━━━━━ AVAILABLE DATA

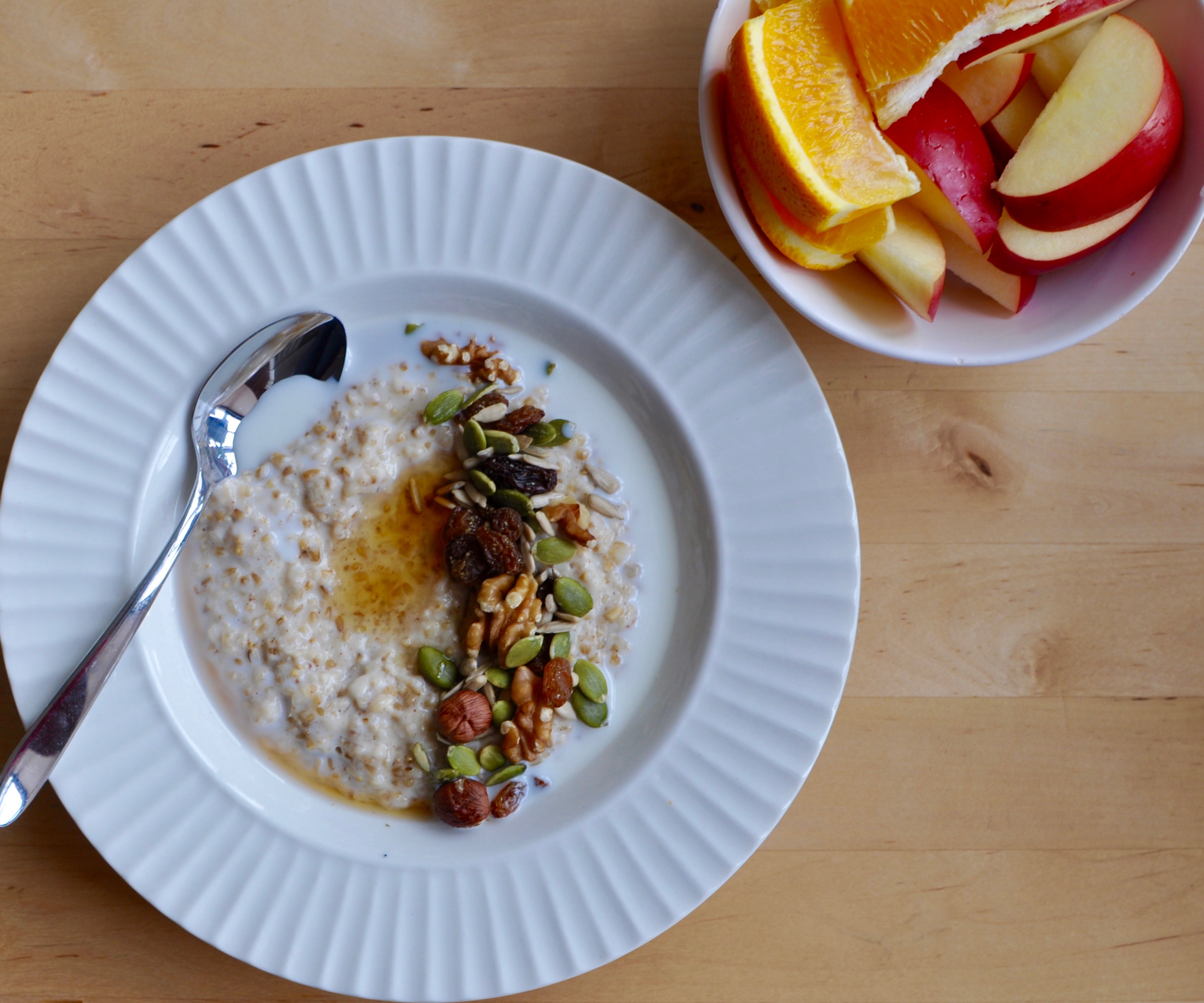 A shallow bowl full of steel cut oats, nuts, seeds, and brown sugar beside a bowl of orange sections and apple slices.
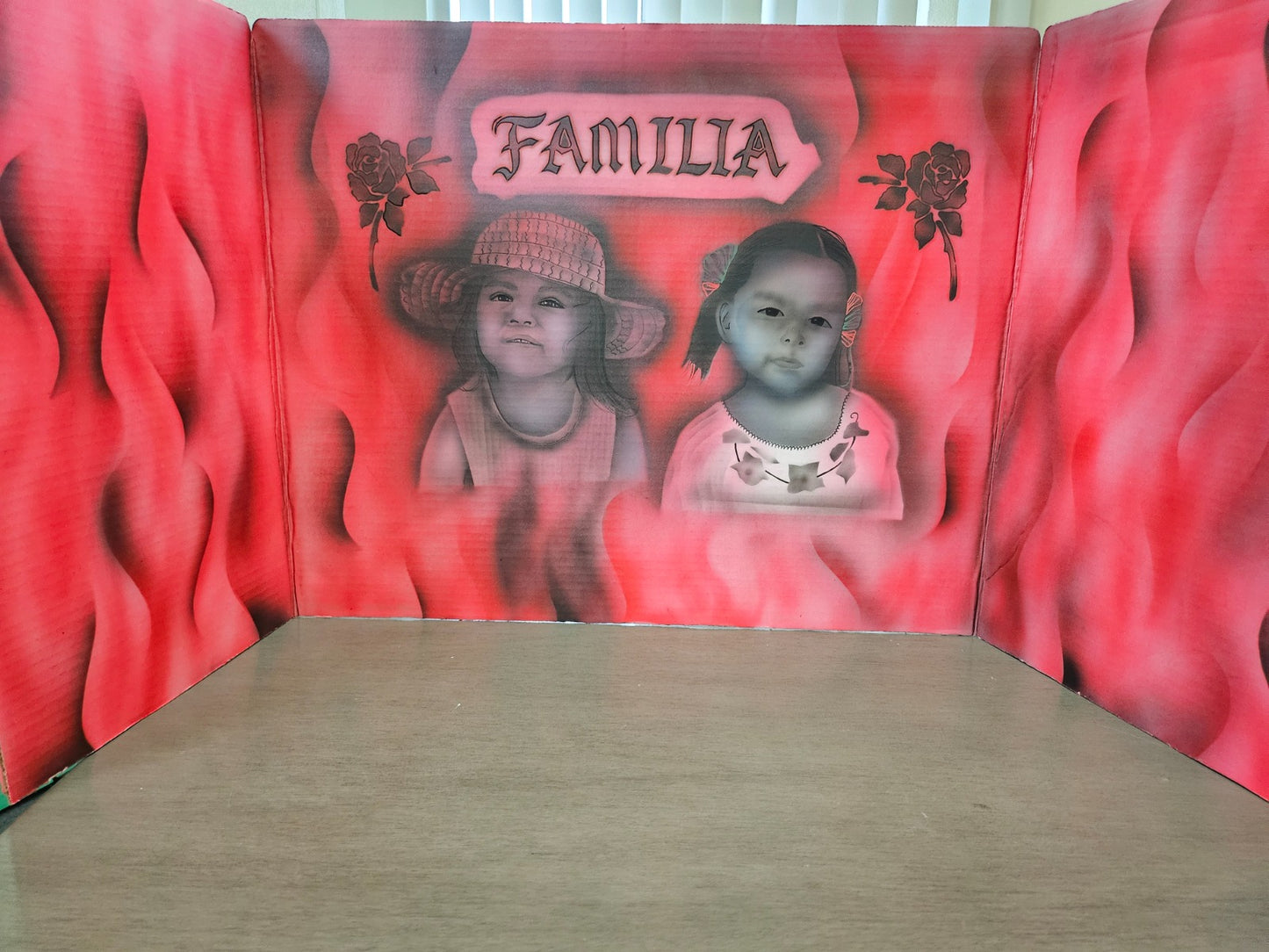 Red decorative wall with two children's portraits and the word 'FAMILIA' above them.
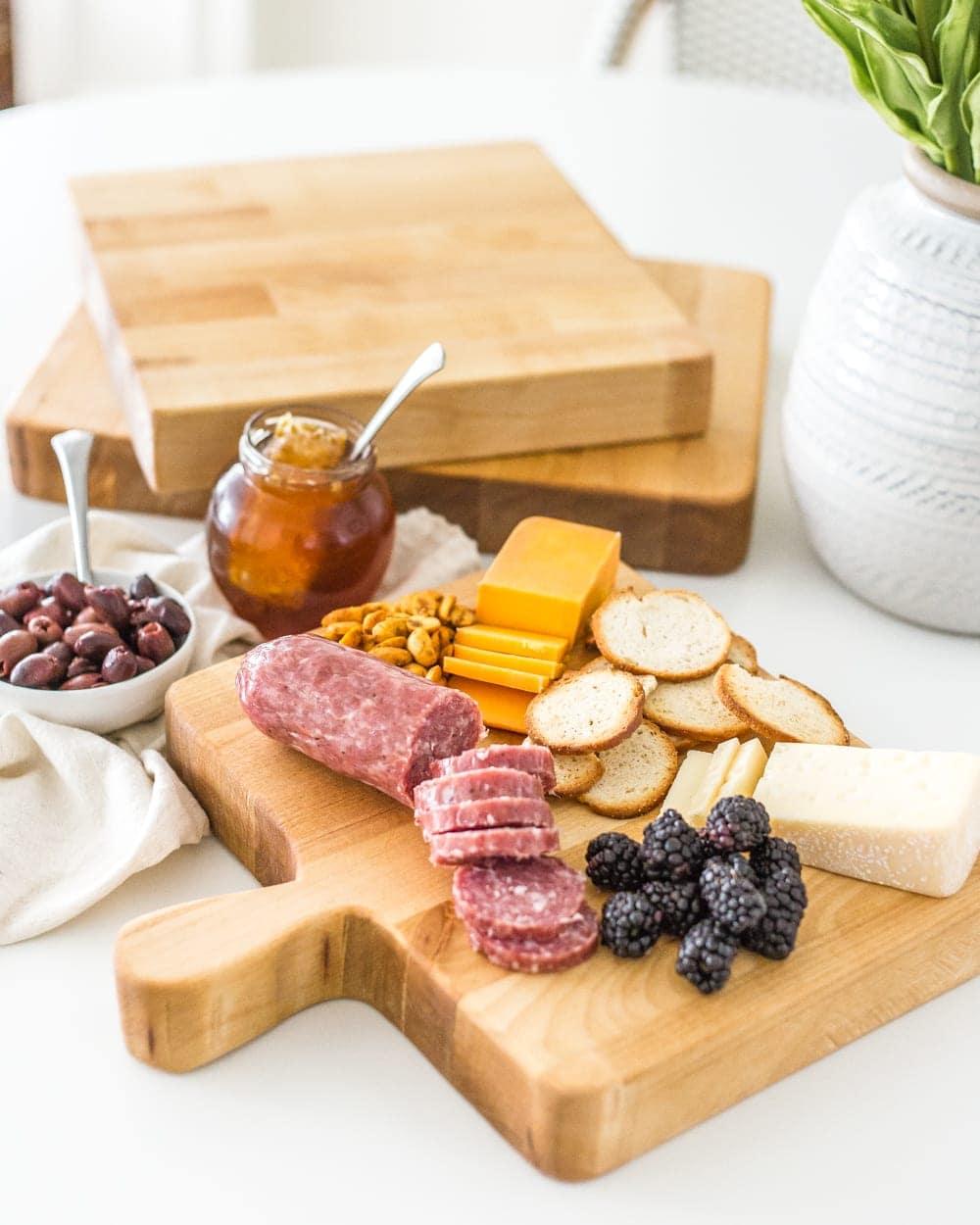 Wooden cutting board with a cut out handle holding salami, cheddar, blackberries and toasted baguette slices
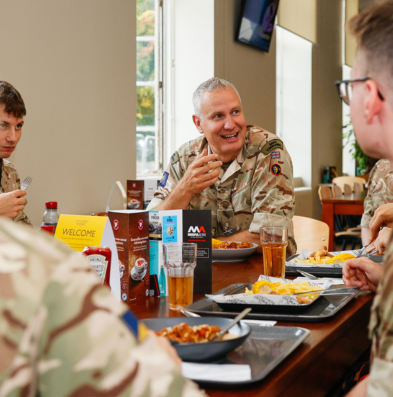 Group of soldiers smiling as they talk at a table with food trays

━━━━━━━━━━

> [DESCRIPTION OF THE TASK]:
Your job is to reproduce the material exactly. Keep pictures out of it.

> [ANSWER TO THIS PROBLEM]:
 A shallow bowl full of steel cut oats, nuts, seeds, and brown sugar beside a bowl of orange sections and apple slices.
 Red decorative wall with two children's portraits and the word 'FAMILIA' above them.
 Wooden cutting board with a cut out handle holding salami, cheddar, blackberries and toasted baguette slices
 Group of soldiers smiling as they talk at a table with food trays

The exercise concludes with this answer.